Evidence Shows Vaping Is The Most Popular And Successful Smoking Cessation Tool
Studies from the CDC and others point to the fact that e-cigarettes are helping massive amounts of people quit smoking for good
Vaping continues to suffer from an exceptionally poor perception among the general public, with some polls finding that less than 15% of adults believe vaping is much safer than smoking. But lots of peer-reviewed research now shows that e-cigarettes are both the most popular and most successful smoking cessation tool on the market. A study published last year by the CDC found that over 60% of smokers had used vaping to help them quit.
Unfortunately, they didn’t see this as a positive, calling the rise of vaping unlikely to be useful in the fight against smoking. But research published later that year thoroughly debunked this stance, finding that vaping was even more successful at helping smokers quit than the FDA and CDC sanctioned, smoking cessation drugs like Chantix. Results like these indicate a strong case for the efficacy of vaping as a smoking cessation tool. Let’s take a more in-depth look at the evidence.
The CDC surveyed nearly 16,000 smokers who were looking to quit between 2014 and 2016 and published their results last year in a report called Quit methods Used by Adult Cigarette Smokers, 2014-2016. In addition to tracking the popularity of smoking cessation methods, they also took a look at the success rate of varying approaches. While the most popular method was cold turkey, with over 65% of smokers saying they had attempted quitting this way, the single most popular tool was found to be e-cigarettes, with 60% of respondents saying they had used vaping to either stop or reduce their intake of cigarettes.
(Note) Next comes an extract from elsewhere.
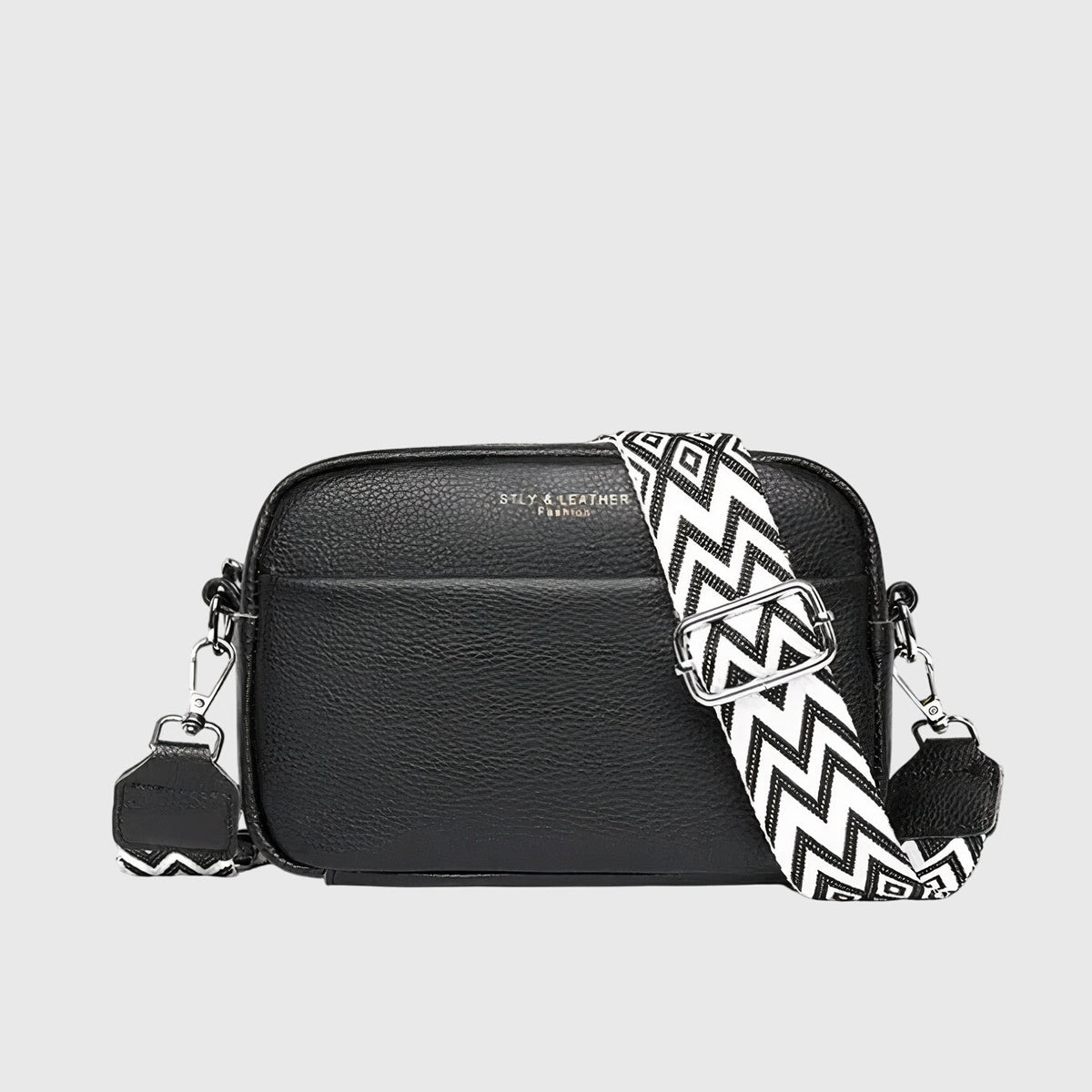 GIULIA | Sac porté épaule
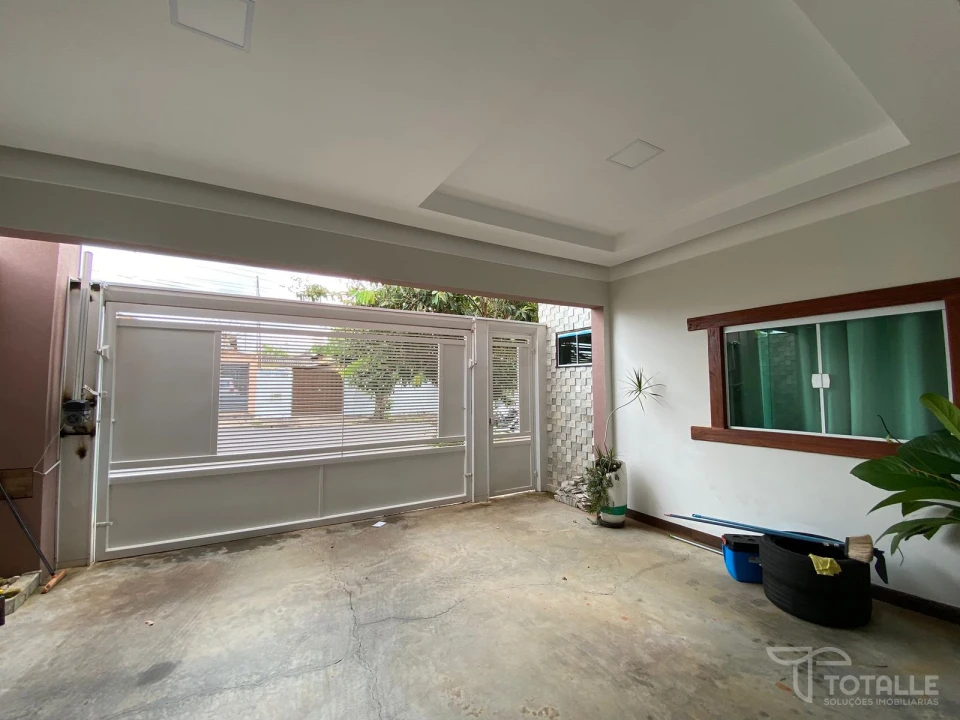 Imagens do imóveis Casa a Venda no bairro Santo Ântônio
There were other impressive results of the study, including nearly 25% of respondents saying they were able to completely kick the smoking habit thanks to vaping. A higher rate of total success than any of the other ten methods studied. But these statistics shouldn’t suggest that the CDC was applauding the findings. In fact, they readily decried them, saying “There is no conclusive scientific evidence that e-cigarettes are effective for long-term cessation of cigarette smoking. E-cigarettes are not approved by the FDA as a smoking cessation aid.” This is much more in line with what they’ve said in the past than the study’s results would suggest. But a separate study published in late 2017 bolstered the case for vaping as a legitimate smoking cessation tool.
University Of Louisville Study
Researchers at the University of Louisville analyzed the results from the Population Assessment of Tobacco and Health report conducted by the federal government. Dr. Brad Rodu and Dr. Nantaporn Plurphanswat took the data collected and calculated usage rates and success rates for the various smoking cessation methods. This study also observed that cold turkey is the most common method of smoking cessation, but vaping was again the most popular tool. This study took a more in-depth look at the success rates of various approaches, as opposed to merely the usage rates.
They found that vaping helped nearly 28% of smokers quit for good. The next closest method regarding success rate was prescription drugs, which came in at just over 21% successful. The success rate continued to drop from there with nicotine patches and gum coming in at 17%. Surprisingly, cold turkey was observed to be slightly more successful than nicotine patches and gum, helping slightly over 18% of smokers quit for good.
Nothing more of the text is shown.